Heidrun Sachße schließt am 31. Mai ihr Lauterbacher Lebensmittelgeschäft. Auch Unternehmer Roland Schönherr bedauert dies sehr. Foto: Jana Kretzschmann

Lauterbach. „Wie immer, Heidrun“, sagt die 80jährige Frau S. und reicht den mit Leergut gefüllten Perlonbeutel der Inhaberin des Lauterbacher Lebensmittelgeschäftes, Heidrun Sachße über den Ladentisch. Diese nimmt ihn entgegen, packt wieder zwei Flaschen Wasser und zwei Limonaden, ein Brot und zwei Brötchen hinein und gibt ihn zurück. “Ne Schachtel Zigaretten und ein Stück Kuchen, gleich auf die Hand, ich muss weiter”, so ein Handwerker, welcher die Mittagspause nutzt, um sich etwas Nervennahrung im Konsum an der Kreuzung, wie das Geschäft im Volksmund gern genannt wird, zu holen. “Hast du noch Briefmarken? Ich will nicht erst nach Marienberg fahren” oder aber auch “Kann ich bei dir eine Geldüberweisung loswerden und gleich Bares abheben” – die Liste der Dienstleistungen könnte noch weitergeführt werden, denn in Heidrun Sachßes Geschäft gibt es ein breitgefächertes Angebot, angefangen von Lebensmitteln, Frischwurst und frisches Fleisch, Obst und Gemüse, Backwaren, Tiefkühlkost, Molkereiprodukte, Tiernahrung, Haushaltchemie, eine große Auswahl an Getränken, Geschenkartikel, Batterien, Blumen – einfach alles, was im Haushalt benötigt wird. Darüber hinaus fungierte die Inhaberin als Sparkassenagentur, City-Post, nahm Päckchen entgegen, war Anlaufstelle für Schuhreparaturen, Reinigung und mehr.

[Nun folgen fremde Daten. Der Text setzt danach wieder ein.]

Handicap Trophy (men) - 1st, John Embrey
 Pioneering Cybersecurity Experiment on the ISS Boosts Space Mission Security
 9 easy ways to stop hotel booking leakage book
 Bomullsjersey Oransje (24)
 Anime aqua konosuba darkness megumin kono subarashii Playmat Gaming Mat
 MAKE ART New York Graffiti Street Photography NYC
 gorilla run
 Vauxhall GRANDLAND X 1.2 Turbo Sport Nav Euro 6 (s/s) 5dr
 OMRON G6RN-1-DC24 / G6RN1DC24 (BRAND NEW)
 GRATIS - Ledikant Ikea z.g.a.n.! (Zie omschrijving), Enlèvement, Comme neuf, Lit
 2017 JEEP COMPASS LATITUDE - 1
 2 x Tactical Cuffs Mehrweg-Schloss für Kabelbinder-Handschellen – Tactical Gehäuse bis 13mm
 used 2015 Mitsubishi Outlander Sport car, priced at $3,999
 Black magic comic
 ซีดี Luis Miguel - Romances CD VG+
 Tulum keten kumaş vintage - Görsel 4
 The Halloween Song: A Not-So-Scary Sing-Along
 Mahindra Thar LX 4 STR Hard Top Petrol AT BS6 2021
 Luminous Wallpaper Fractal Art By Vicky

Das alles wird am 1. Juni der Vergangenheit angehören, denn Heidrun Sachße schließt.

“Ich finde das sehr, sehr schade und bedauere es sehr. Gerade die Älteren im Ort waren sehr darauf angewiesen, um sich weitestgehend selbst versorgen zu können. Nicht immer sind Kinder und Enkel verfügbar, die diesbezüglich eingreifen können”, so Roland Schönherr, Unternehmer aus Lauterbach. “Bei vielen älteren Menschen galt dieser Laden auch als kleiner Treffpunkt. Man sah sich wieder, wechselte einige Worte, kam mal raus – das alles wird bald nicht mehr sein”, ergänzte Ehefrau Karin.
Doch warum schließt das Geschäft eigentlich?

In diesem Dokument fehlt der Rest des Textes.